I’m designing a computer chip (or at least part of one). It’s a bit tricky because this chip is very complex. Although the ideas behind the tricky logic aren’t new or convoluted, there’s a lot of transistors involved. All of these transistors really tax every step of the design process and things that should work now result in thousands of oddly worded error messages.
The first step of my hardware design process is to write code in Verilog. Verilog is best described as the bastard child of a simple programming language like C and an evil flowchart. Although it seems like any other program, the code is more concerned about generating output bits from input bits.

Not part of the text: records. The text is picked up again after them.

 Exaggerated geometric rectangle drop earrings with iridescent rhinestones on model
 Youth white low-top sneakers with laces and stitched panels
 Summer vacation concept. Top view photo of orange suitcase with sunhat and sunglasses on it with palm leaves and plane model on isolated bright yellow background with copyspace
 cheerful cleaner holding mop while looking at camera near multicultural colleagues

There’s a lot of timing involved and you have to think about how inputs will change over time. I use a design style called “Two-phase clocking”, which is a nice way of saying that some inputs are gibberish some of the time, and the other inputs are gibberish during other times.
It took me about three weeks to really finish the Verilog code and test it out. There’s a lot of work beyond this, converting the code to a chip blueprint, so it’s important that the Verilog works. You don’t want to do any of this work twice.

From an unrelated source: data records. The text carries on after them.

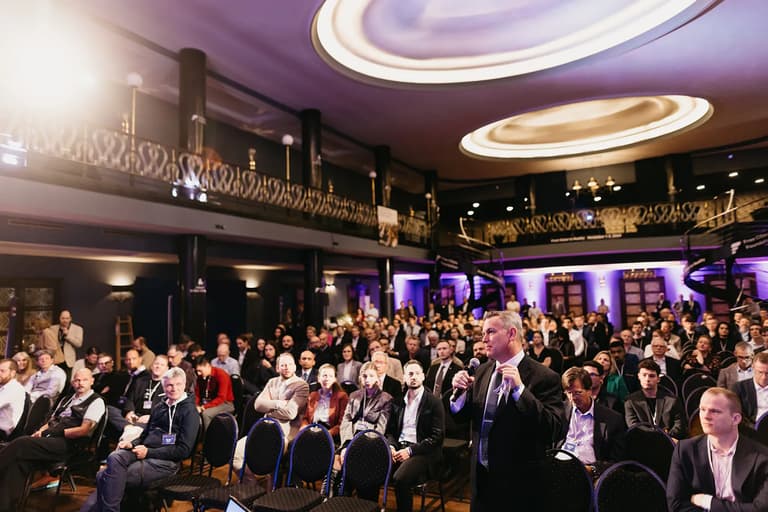 An attendee standing to ask a question in the conference hall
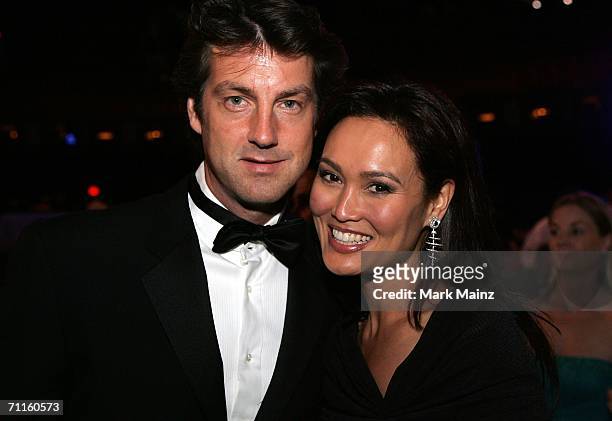Actress Tia Carrere and husband photographer Simon Wakelin pose during the 34th AFI Life Achievement Award tribute to Sir Sean Connery held at the...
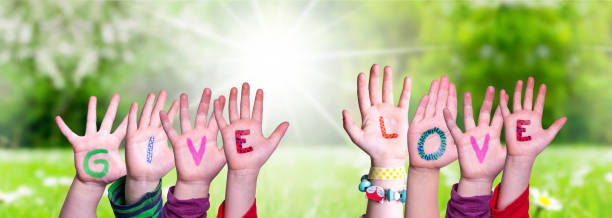 istock Children Hands Building Word Give Love, Grass Meadow 1215084070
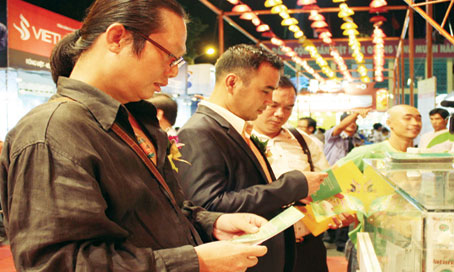 Các đại sứ hàng Việt là đạo diễn Đoàn Khoa (đứng đầu) và diễn viên Quyền Linh đang xem sản phẩm mới tại hội chợ.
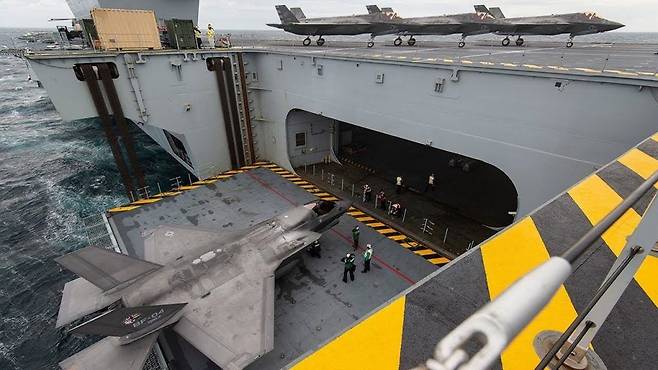 영국 항모 엘리베이터 올려진 미 해병대 F-35B 전투기가 내부 격납고에서 갑판으로 이동하고 있다. 영 해군
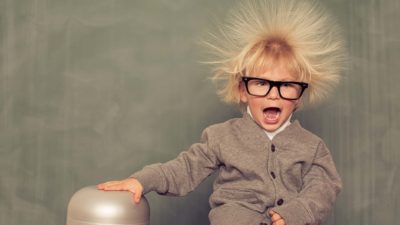 a young child wearing a cardigan and thick black glasses places his hand on a nearly rounded object and his hair lifts at right angles to his head thanks to static electricity.
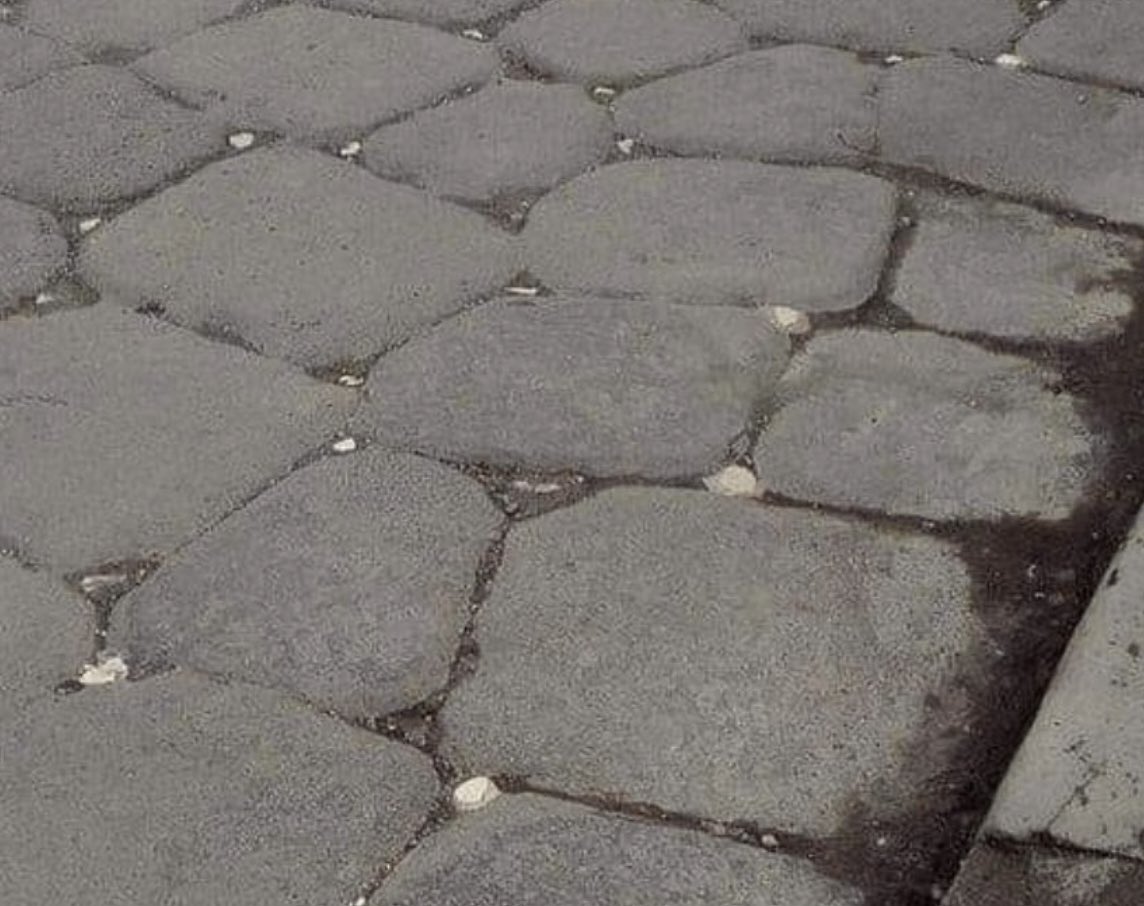 An ancient Roman road in Pompeii. These roads were adorned with dotted white stones, which reflected the moonlight, acting as street lights to help people walk on the street after dark.
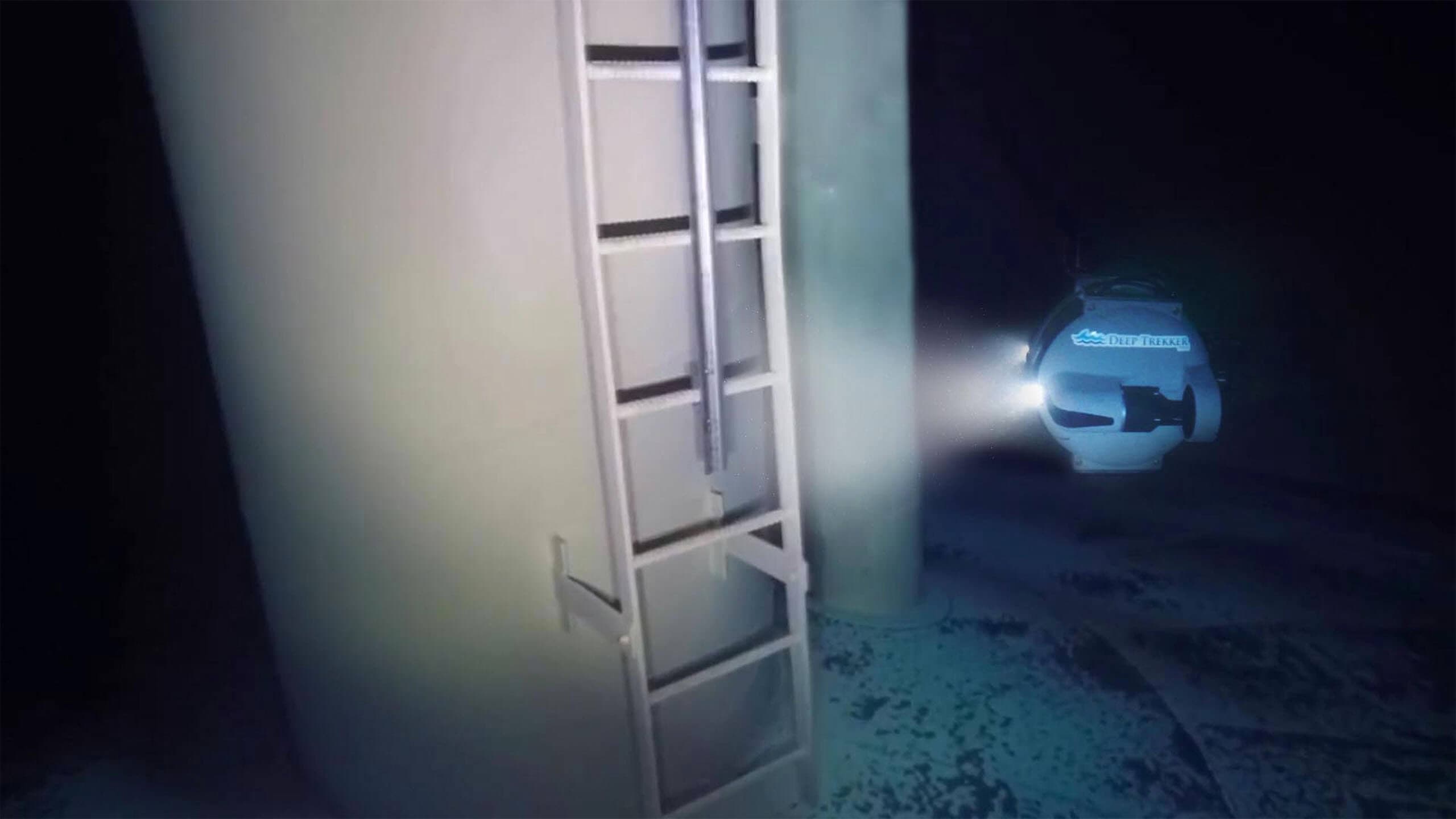 The Deep Trekker DTG3 ROV swimming underwater in a water tank. Vehicle is swimming up to tower and ladder.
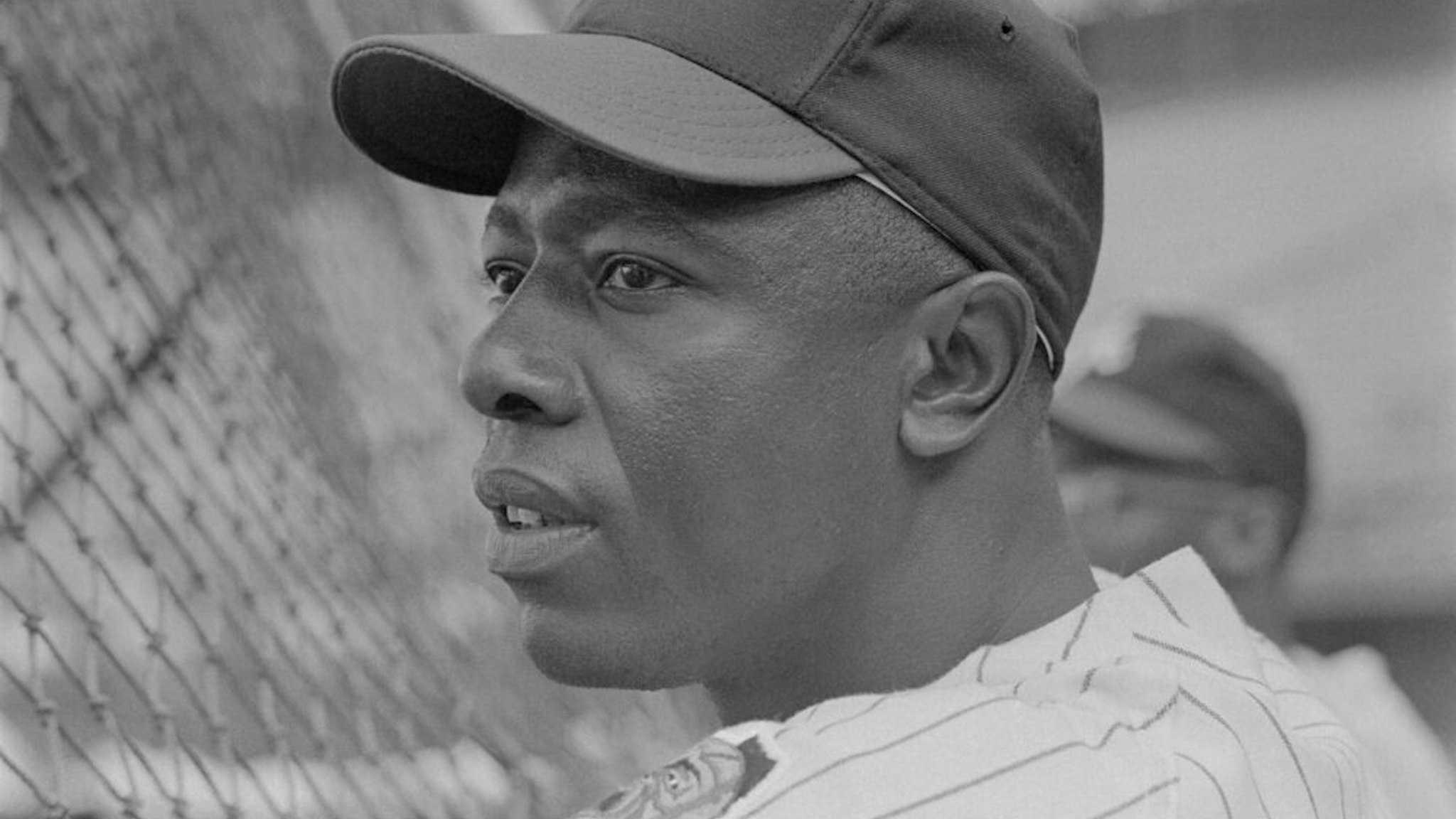 Hank Aaron, the right fielder for the Atlanta Braves, shown in this close up photograph, was named to the National League All Star team for the 16th straight year. It was the 13th time he was named to the starting outfield. Aaron is the only repeater picked. Hank is shown in the batting cage before the start of the Braves-Phils game in Atlanta. Aaron has the lowest average of his career at .236 when picked.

After this, I put my Verilog code through a program called “Design Compiler”. This takes my code and converts it into a giant computer chip recipe. It doesn’t design the chip, but decides what transistors to use and how they should connect up. Usually this process takes 15-20min, but it’s been taking me about 12 hours. That’s after a lot of fiddling with the program.
Design Compiler will spit out this recipe as another Verilog file. However, this file is much more detailed and really big. The idea is that this Verilog file is an optimized way to implement the high level ideas from my original Verilog file. Sometimes I get a lot of weird timing warnings about arcs and whatnot. This is not comforting.
The next program I have to use is Encounter. This takes the new Verilog file and comes up with a blueprint, figuring out where each of the transistors should go. This has about 10 steps and half of the time they fail for some unknown reason. One of these steps takes 60+ minutes, so it’s always fun when you go through that and find out the program has given up. When it does work, you get a spiffy looking chip, like in the Intel ads. Mine looks like this:
After all of that is done, I take the blueprint and put it in a program called Cadence. Although Cadence does a lot more, I’m only using it to make sure my blueprint makes sense and acts like it should. I’m also currently trying to analyze it to understand how all of the transistors interact. The first two steps (making sure it will work in reality) took a few hours. The analysis step, called PEX for reasons too boring to put here, took about 5 hours and abruptly failed without reason an hour ago. I changed a few settings and it’s off again. I’ll be waking up at 3am to see how that went.
After that step (please, please let PEX work this time), I’ll run the analysis through HSIM. HSIM tries to simulate the timing and energy of my circuit from the PEX analysis. This will likely take a long time as well. If that step works, I’ll have all of the data I need to write my paper.